This is to assist Nutrition Director Lisa Currie in determining student preferences for certain types of fruits and vegetables; healthy choice selections that perhaps many have never tried and may be passing over at lunchtime.
On Nov. 2, Currie visited Pam Lear’s fourth-grade classroom to present two types of pears (Asian and red) to students to sample and vote their preference. By a show of hands, the Asian pear became the class preference by almost a landslide.
The next taste test planned will examine preferences with pomegranates and starfruit.
“I’d rather…let kids sample it.
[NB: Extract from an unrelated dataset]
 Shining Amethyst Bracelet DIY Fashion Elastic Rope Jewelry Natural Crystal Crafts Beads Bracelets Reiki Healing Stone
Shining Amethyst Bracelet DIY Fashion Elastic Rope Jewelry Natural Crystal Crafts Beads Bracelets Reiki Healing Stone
And then we’ll put it on the menu,” said Currie, who went around the tables in Lear’s classroom with slices of pears in a tray.
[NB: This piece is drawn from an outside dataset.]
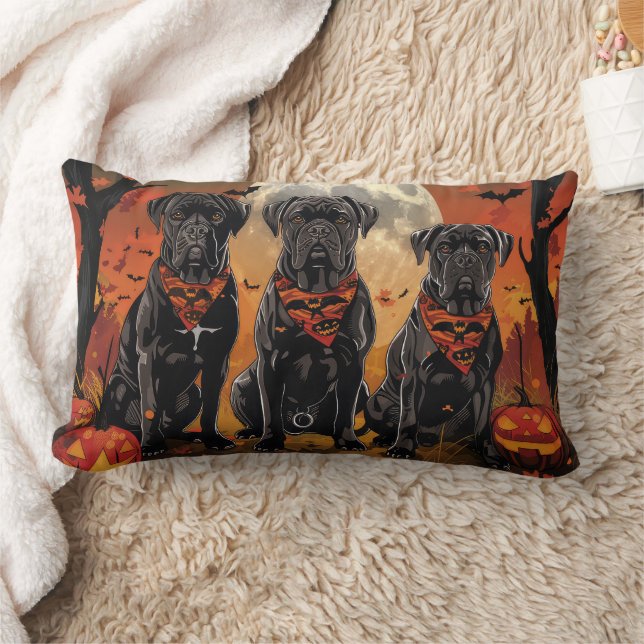 Cane Corso Halloween Spooky Lumbar Pillow (Blanket)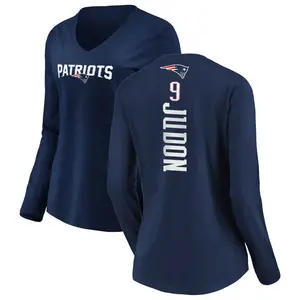 Women's Matthew Judon New England Patriots Backer Slim Fit Long Sleeve T-Shirt - Navy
According to Lear and Currie, Lear’s students will soon begin work on creating a lunch menu or menus to be implemented sometime this winter in the school’s lunchroom.
Lear thought this food sampling is a way to empower school children by giving them a say in what healthy food choices are offered them thereby reinforcing and establishing good and balanced eating habits.
“Pears can be a challenge for some children to even try,” said Lear. “So doing something like this gives everyone an opportunity for something that may be new.”
Currie said the first tasting test was in Mrs. Stapleton’s classroom with ‘pluots,’ a fruit “that is a cross between a plum and apricot.”
Following the pear test on Nov. 2, Curry said, “We put the fruit out during lunch and all the pluots were gone and most of the pears.”